Your first month of meeting people as a new vet can be nerve wracking because you are still cookie dough - pliable, impressionable, and yet to be refined. Your developing confidence of course comes from within. But when you meet people and their companions who are on this journey with you, you are actually learning together, and the friendships and insights will make you the vet that you are to be. On Vancouver Island, I met a lot of kind, warm people who took a rookie like myself in. The gave me a chance, and I was able to flourish. Not everyone has those kind of experiences in life. A lot of people burn out early on this career, because that collaborative foundation was never established.
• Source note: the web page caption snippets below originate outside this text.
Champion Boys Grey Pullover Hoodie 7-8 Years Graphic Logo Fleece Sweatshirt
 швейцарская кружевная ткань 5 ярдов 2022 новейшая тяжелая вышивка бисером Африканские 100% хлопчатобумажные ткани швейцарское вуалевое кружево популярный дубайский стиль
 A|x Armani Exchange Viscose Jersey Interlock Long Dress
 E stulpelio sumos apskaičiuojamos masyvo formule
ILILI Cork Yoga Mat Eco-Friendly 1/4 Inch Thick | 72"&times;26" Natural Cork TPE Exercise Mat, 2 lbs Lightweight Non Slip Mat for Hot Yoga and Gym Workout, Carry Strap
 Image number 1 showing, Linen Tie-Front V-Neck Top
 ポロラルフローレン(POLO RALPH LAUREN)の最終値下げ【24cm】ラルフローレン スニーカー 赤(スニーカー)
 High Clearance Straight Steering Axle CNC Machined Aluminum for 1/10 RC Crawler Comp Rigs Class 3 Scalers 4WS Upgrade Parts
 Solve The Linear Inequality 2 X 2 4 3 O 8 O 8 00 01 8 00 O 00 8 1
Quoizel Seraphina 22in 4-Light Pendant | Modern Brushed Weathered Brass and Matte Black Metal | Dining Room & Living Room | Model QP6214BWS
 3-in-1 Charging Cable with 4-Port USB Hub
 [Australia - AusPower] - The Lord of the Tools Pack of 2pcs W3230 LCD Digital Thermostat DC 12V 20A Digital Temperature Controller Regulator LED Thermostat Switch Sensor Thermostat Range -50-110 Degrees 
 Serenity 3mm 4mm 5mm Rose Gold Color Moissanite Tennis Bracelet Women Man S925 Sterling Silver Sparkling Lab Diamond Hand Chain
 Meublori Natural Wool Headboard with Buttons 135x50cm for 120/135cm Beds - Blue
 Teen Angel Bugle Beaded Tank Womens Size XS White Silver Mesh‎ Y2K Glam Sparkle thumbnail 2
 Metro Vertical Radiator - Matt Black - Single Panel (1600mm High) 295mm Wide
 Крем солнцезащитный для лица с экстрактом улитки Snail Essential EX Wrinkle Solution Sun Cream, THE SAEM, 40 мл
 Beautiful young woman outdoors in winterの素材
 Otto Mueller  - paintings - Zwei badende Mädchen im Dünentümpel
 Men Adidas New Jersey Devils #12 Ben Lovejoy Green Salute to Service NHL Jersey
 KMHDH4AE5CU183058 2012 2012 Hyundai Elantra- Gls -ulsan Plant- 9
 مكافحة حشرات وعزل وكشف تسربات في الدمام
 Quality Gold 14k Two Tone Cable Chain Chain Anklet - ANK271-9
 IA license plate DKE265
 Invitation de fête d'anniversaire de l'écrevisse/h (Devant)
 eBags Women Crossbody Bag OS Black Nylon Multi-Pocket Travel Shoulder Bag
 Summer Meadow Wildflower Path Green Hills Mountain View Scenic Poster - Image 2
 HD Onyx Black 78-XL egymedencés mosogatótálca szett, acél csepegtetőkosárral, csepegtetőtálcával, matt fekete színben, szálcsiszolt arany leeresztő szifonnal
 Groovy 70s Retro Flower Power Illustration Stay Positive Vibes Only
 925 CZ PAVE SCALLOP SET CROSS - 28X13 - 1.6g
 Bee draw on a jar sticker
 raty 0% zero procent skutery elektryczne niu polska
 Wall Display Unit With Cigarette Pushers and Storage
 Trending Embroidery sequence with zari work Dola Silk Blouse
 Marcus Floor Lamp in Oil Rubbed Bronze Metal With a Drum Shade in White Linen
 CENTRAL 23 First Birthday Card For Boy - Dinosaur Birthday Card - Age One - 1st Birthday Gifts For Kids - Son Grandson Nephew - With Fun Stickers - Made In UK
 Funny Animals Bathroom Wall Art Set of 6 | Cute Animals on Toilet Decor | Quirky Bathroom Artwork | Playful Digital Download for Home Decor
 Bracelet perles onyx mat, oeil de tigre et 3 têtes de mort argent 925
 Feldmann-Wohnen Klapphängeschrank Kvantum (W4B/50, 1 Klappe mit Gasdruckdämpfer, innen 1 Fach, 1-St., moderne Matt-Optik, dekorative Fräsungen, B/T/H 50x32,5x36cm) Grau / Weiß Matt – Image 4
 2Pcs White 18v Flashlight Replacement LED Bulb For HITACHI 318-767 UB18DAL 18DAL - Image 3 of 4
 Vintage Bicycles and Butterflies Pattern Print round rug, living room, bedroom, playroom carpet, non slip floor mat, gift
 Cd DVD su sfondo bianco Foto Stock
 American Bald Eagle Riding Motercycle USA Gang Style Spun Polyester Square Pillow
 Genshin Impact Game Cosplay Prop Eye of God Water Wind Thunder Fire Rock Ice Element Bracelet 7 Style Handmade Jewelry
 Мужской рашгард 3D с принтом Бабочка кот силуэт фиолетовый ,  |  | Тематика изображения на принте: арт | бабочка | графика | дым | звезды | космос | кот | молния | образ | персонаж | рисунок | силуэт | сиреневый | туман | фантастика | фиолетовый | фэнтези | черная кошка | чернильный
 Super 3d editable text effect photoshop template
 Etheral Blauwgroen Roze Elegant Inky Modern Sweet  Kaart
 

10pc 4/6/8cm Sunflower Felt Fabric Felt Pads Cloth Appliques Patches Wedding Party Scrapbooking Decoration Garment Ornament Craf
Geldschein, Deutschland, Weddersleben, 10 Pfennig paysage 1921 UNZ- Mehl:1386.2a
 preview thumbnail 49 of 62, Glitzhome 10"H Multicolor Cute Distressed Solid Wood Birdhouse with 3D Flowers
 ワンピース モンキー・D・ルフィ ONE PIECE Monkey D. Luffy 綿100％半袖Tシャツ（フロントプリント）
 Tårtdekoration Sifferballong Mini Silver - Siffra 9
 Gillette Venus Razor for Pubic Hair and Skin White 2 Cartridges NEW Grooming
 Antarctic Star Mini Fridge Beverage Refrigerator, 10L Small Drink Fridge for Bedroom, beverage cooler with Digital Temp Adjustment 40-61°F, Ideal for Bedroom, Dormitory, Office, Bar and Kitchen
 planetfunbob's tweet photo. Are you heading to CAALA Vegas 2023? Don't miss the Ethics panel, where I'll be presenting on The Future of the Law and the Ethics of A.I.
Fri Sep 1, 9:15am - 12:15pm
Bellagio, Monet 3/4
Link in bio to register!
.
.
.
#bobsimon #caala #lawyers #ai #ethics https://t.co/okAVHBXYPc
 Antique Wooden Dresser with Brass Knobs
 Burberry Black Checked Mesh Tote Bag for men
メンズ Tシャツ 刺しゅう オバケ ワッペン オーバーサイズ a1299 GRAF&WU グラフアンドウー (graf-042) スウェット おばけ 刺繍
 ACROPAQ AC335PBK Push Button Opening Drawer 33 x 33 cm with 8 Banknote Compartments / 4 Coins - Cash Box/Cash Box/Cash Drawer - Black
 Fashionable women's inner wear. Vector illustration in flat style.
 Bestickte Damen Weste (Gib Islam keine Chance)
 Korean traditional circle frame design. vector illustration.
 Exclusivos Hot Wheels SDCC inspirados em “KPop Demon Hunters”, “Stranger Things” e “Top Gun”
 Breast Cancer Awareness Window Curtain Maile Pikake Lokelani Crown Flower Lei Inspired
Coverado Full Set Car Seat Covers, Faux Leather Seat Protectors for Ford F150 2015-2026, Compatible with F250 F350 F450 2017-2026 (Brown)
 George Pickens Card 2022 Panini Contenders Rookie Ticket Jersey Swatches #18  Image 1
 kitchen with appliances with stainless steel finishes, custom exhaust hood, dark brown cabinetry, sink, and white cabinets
I'm pretty sure her name was Kirin. Now, this was a decade ago and my memory is getting fuzzy. Kirin was an elderly little black kitty, and I met her as she was entering the final stage of her long life. And while I can remember what she looked like, only shadows of her people remain in my memory. Kirin wasn't long for this earth, but we did make her more comfortable. This week, as I was pulling down a box of winter gear for my little girl, the ends of a little black scarf, with paw prints knitted into it popped out and floated towards the floor. Kirin’s mom had knit me a black scarf, complete with the actual paw prints of her little companion who had passed.
And I still have it.
So Kirin’s mom and dad, if you come across this one day, I want you know that I still have the scarf, and I still remember you and that little black kitty. You are one of the many kind people I met on the Island that still influence me to this day.